Return each line exactly, from the one that has "Demonstration of Disassembly" through the end of the entries, both ends included. Pictures do not belong.

* Supplied material *
☆ ☆ ☆ ☆ ☆

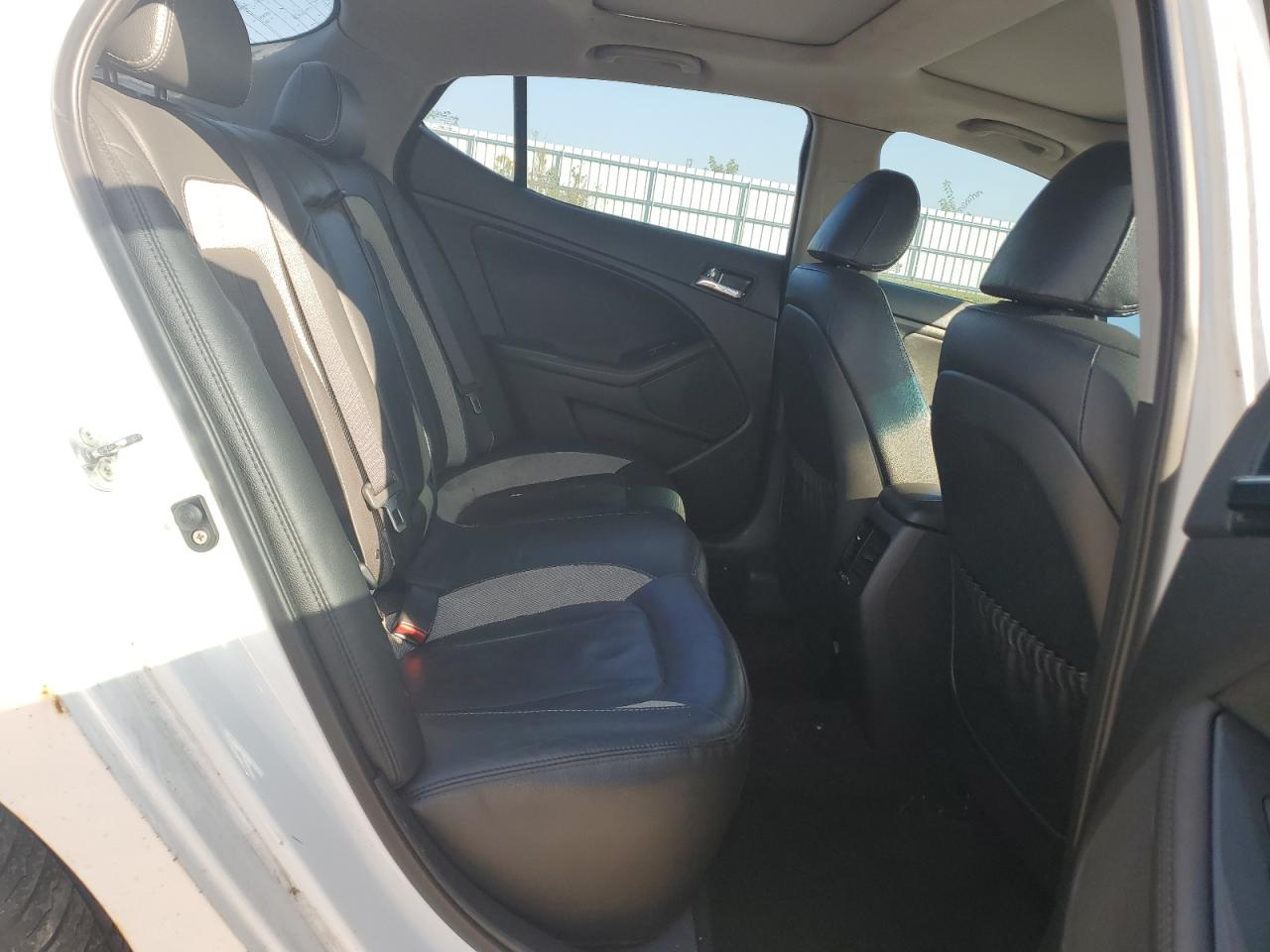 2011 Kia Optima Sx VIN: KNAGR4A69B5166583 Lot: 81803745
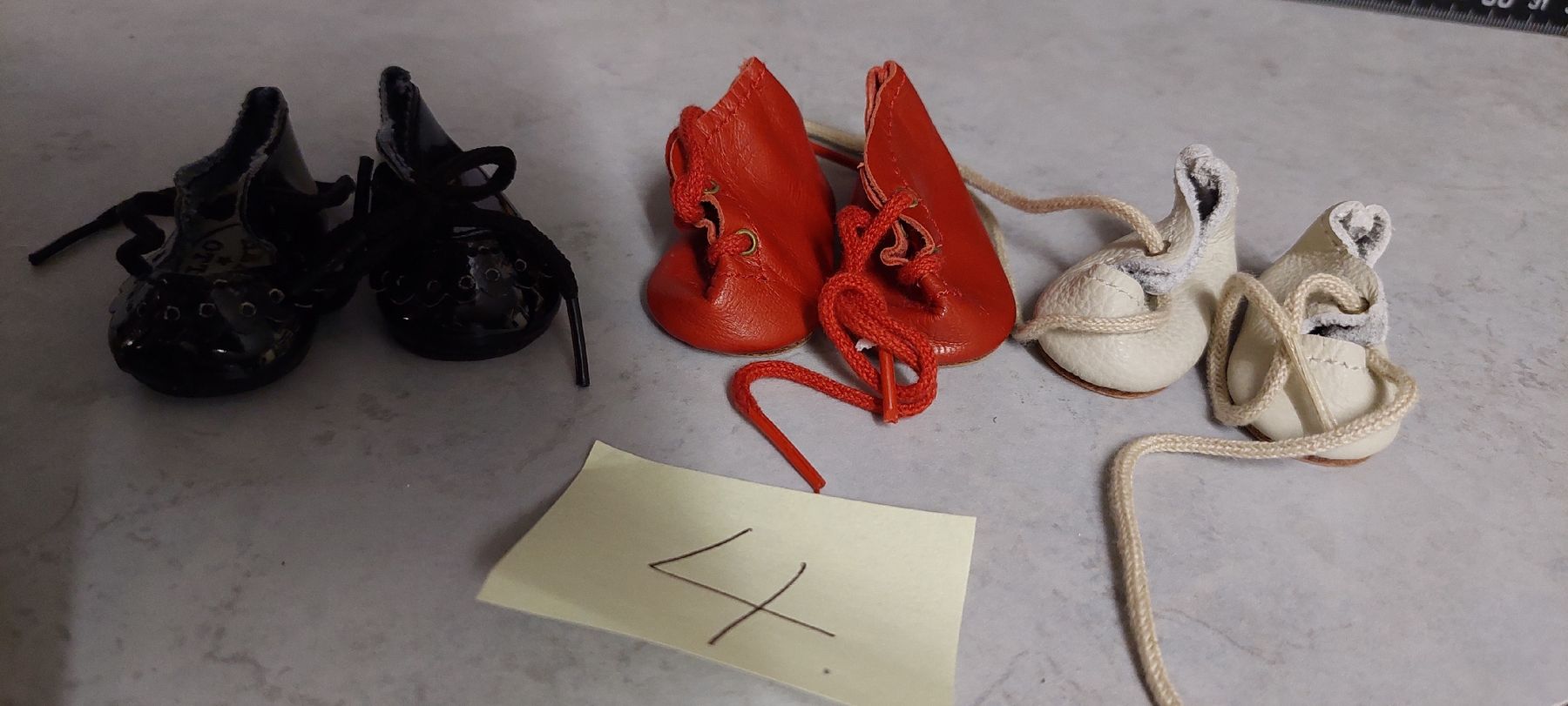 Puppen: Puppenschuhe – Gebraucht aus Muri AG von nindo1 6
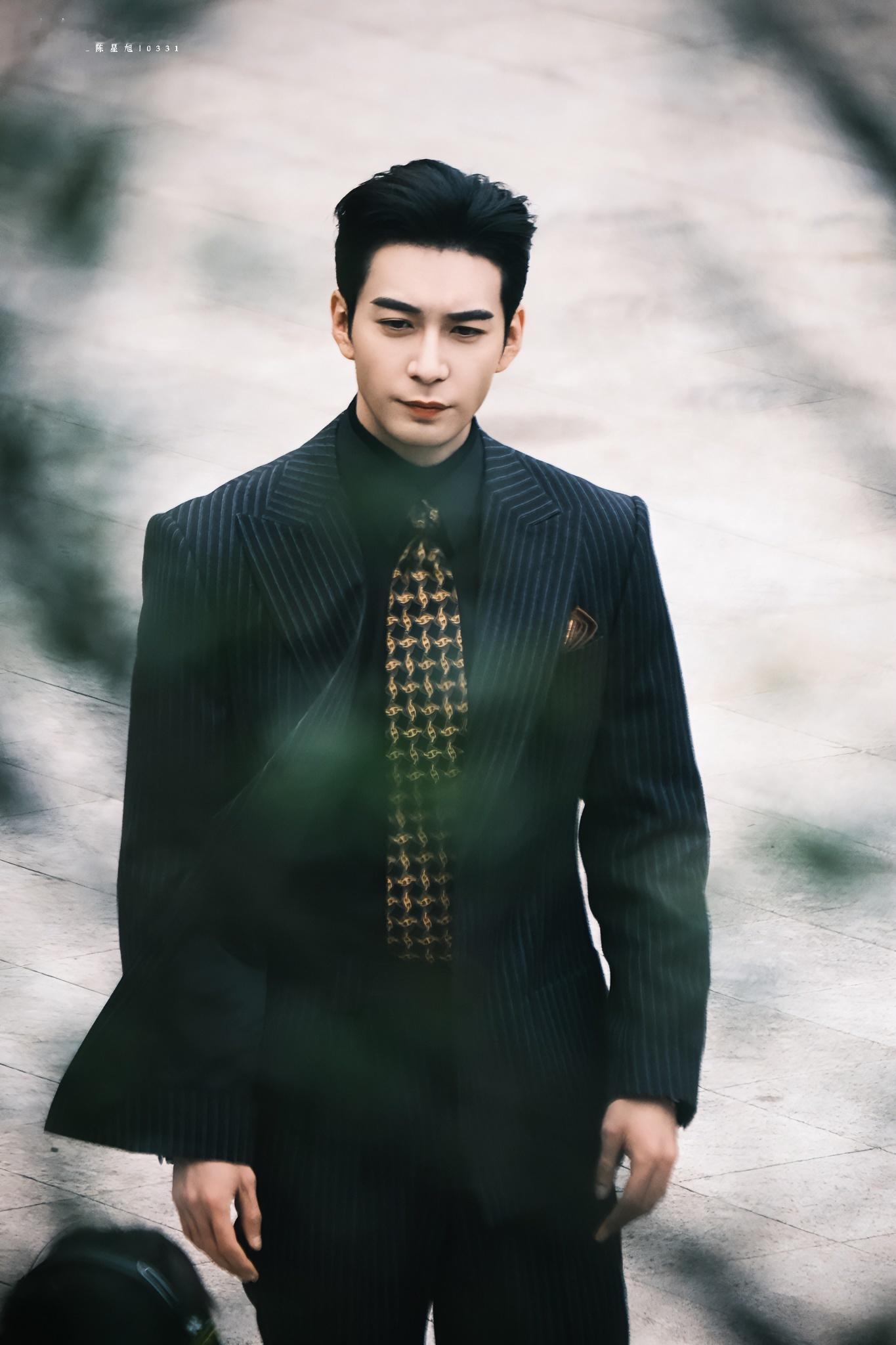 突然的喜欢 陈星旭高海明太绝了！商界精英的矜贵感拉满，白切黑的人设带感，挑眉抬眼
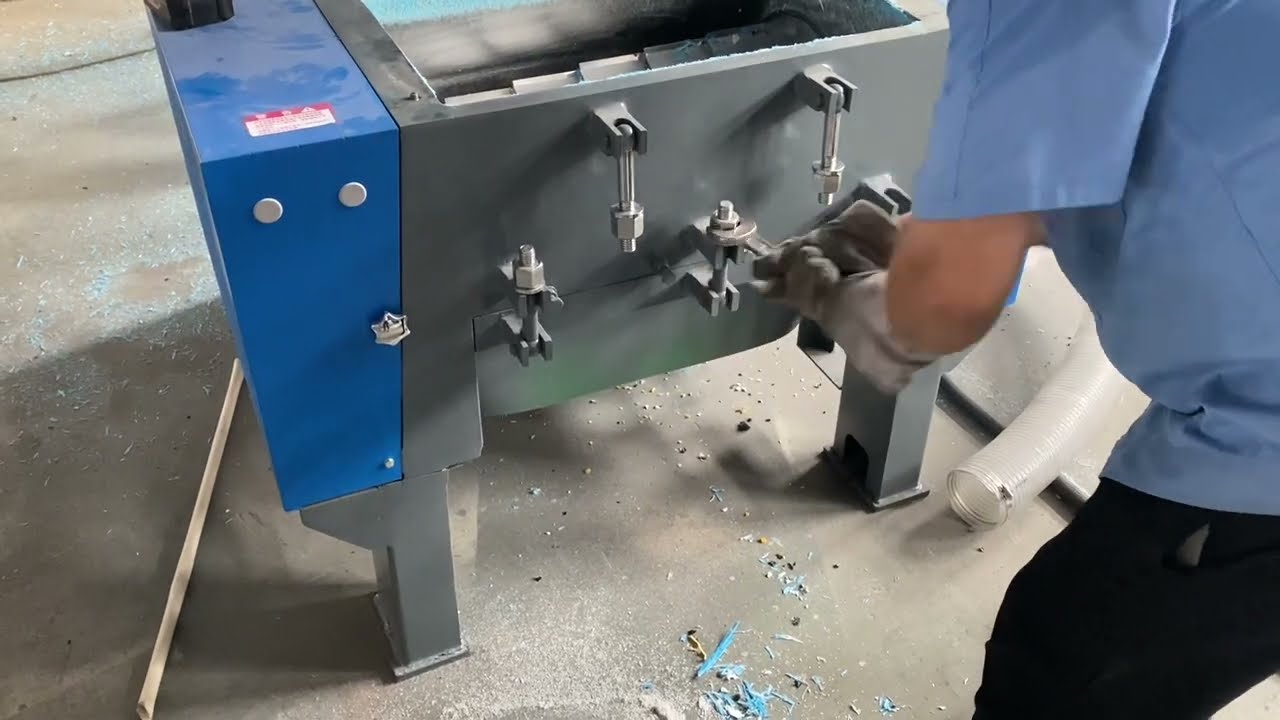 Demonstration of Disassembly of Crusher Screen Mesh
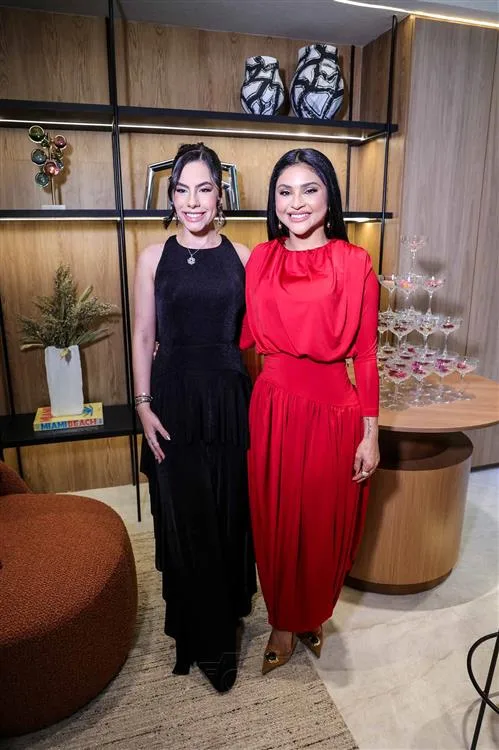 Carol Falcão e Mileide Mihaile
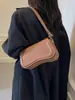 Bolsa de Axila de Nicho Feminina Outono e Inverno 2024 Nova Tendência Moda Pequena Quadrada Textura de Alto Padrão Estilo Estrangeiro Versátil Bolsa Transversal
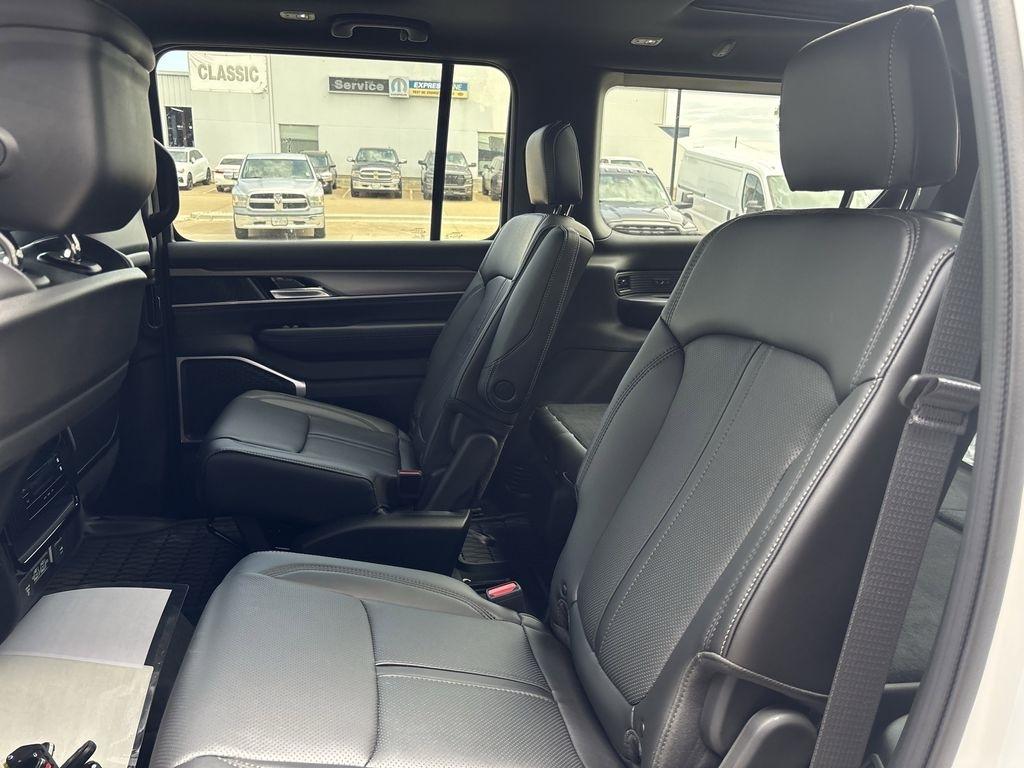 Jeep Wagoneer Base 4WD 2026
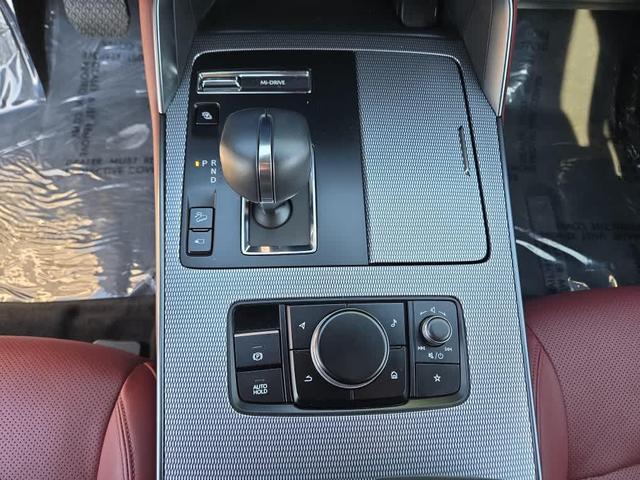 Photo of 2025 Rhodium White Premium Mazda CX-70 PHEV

☆ ☆ ☆ ☆ ☆

* Solution to this task *
 Demonstration of Disassembly of Crusher Screen Mesh
 Carol Falcão e Mileide Mihaile
 Bolsa de Axila de Nicho Feminina Outono e Inverno 2024 Nova Tendência Moda Pequena Quadrada Textura de Alto Padrão Estilo Estrangeiro Versátil Bolsa Transversal
 Jeep Wagoneer Base 4WD 2026
 Photo of 2025 Rhodium White Premium Mazda CX-70 PHEV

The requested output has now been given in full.